The better path. According to Verret, a better path forward for the Commission would be to appreciate that digital assets do not fit within the classic framework of regulations designed for equity investments in firms led by boards of directors, and to acknowledge that the current approach to regulation does not necessarily work for digital assets, so a new approach is needed.

Verret provided a list of some questions that the SEC should include in the call for comment he proposes. The list of questions is only a beginning of what Verret said will no doubt result in “hundreds of questions” that will need to be contained in a legitimate call for comment. “We have to start somewhere, this list of questions below is merely an initial brainstorm,” Verret said.

Suggested questions.

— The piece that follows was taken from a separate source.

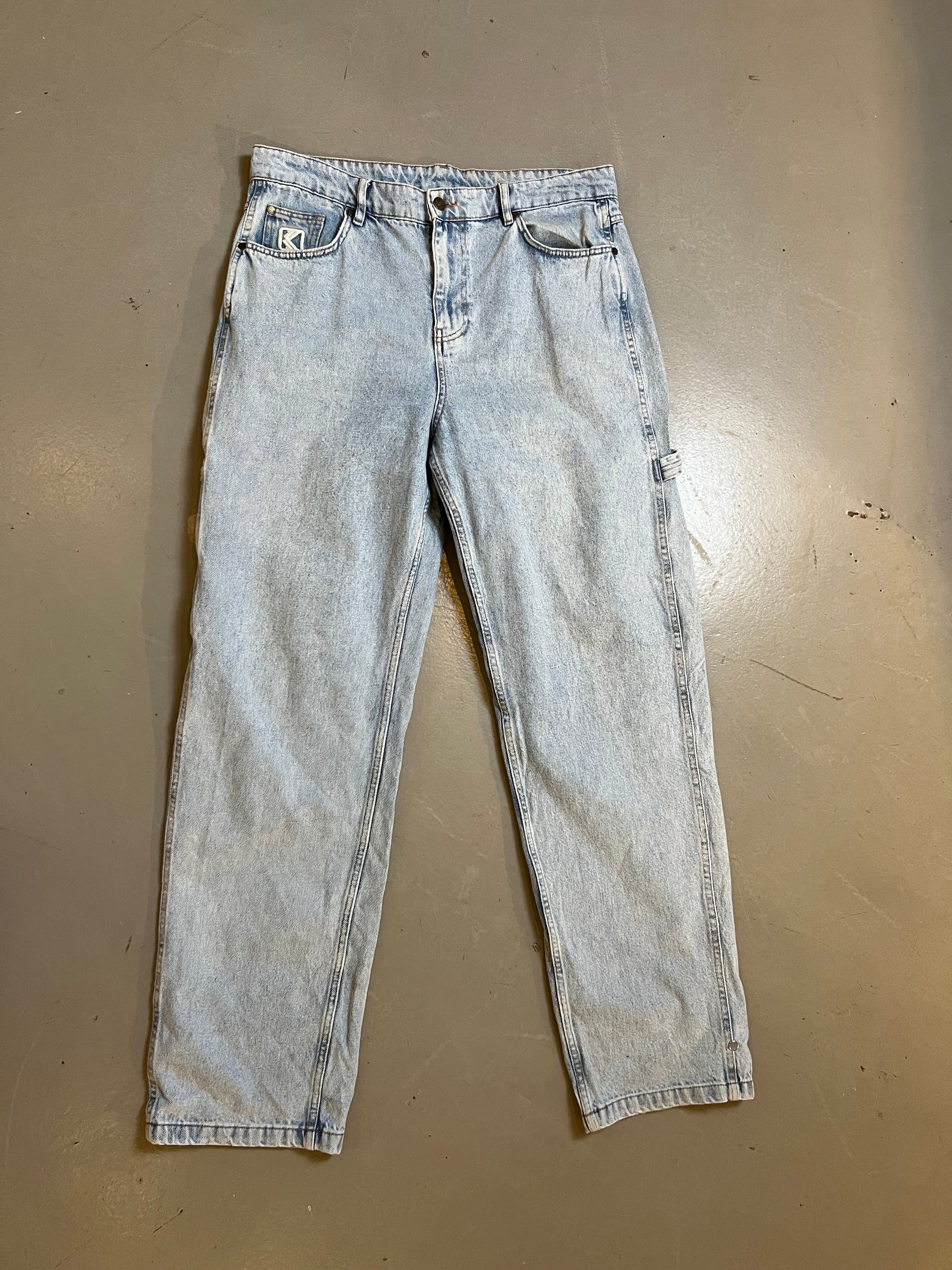 Zu sehen ist eine hellblaue baggy Jeans von Karl kani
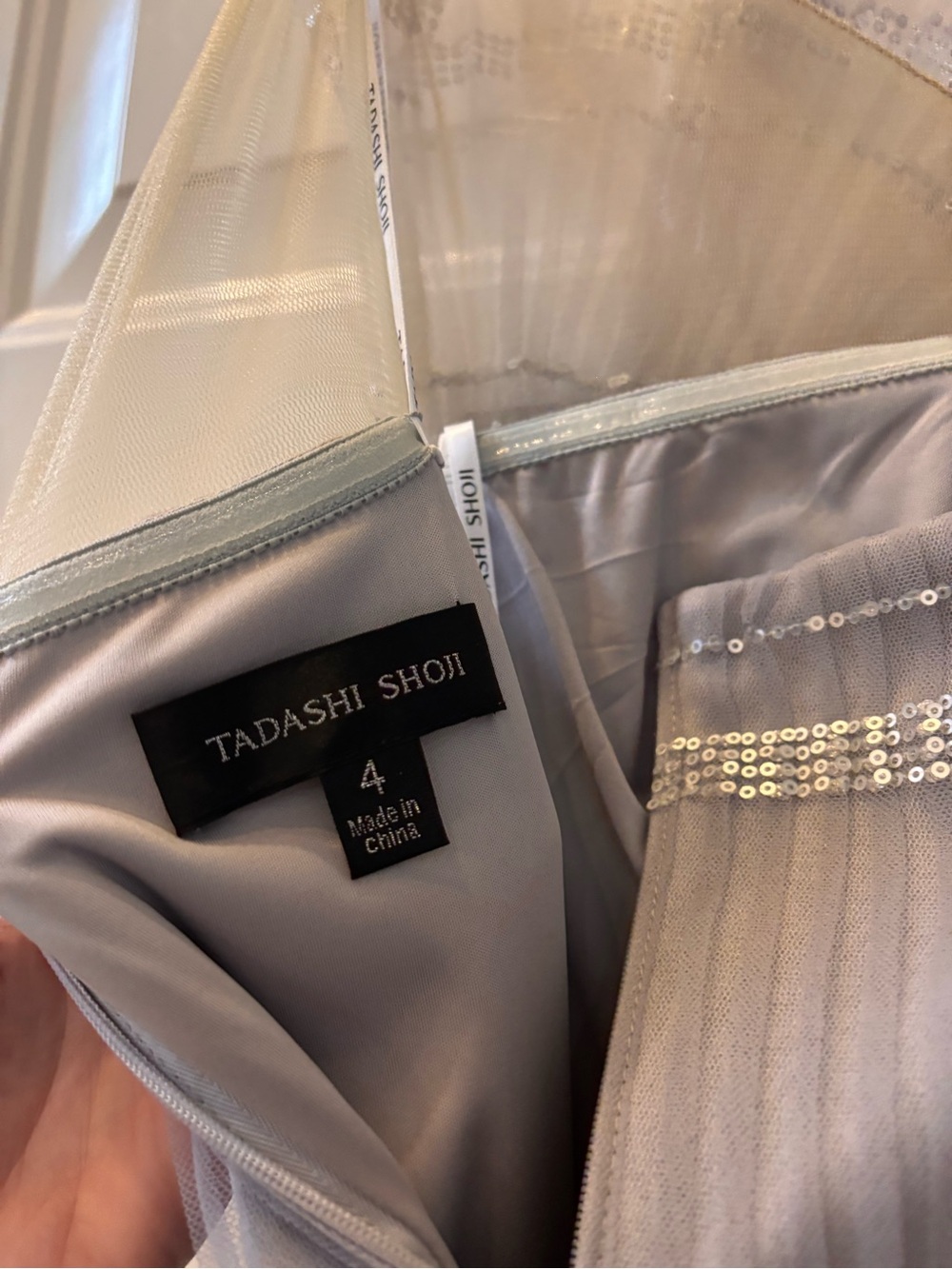 Designer Gown - Picture 7 of 8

Among the questions Verret provided are the following.

What unique investor protections can be designed around digital assets?

How do the federal securities laws need to be amended to holistically take into account unique aspects of token offerings?

What minimum requirements will the SEC attach to any future bitcoin spot ETF approval? Have those requirements been consistently applied to previous ETF approvals?

How would Reg NMS need to be adapted to allow digital assets to trade on registered exchanges?

How would concepts like best execution be measured in the digital asset space?

How do the ‘33 and ‘34 Acts need to adapt to consider the unique design of Defi and other blockchain projects?

If the text of a prospectus is built into the ledger, does it count as delivery?

How should projects that are classified as securities by the SEC, but that function as cryptocurrency (with a foundation that curates the ledger), account for the foundation on its books?

To what extent are the ‘40 Acts an inappropriate fit for projects where the initial developer continues to hold tokens after decentralization?


Unique opportunity. According to Verret, the questions he presents in the letter are suggestions for consideration that he hopes will open a constructive dialogue that can promote both investor protection and capital formation in the digital asset sector and provide meaningful guidance and clear rules of the road for developers. And all five SEC Commissioners have a unique opportunity to stake this development with their own priorities in the design of the call for comment, he concluded.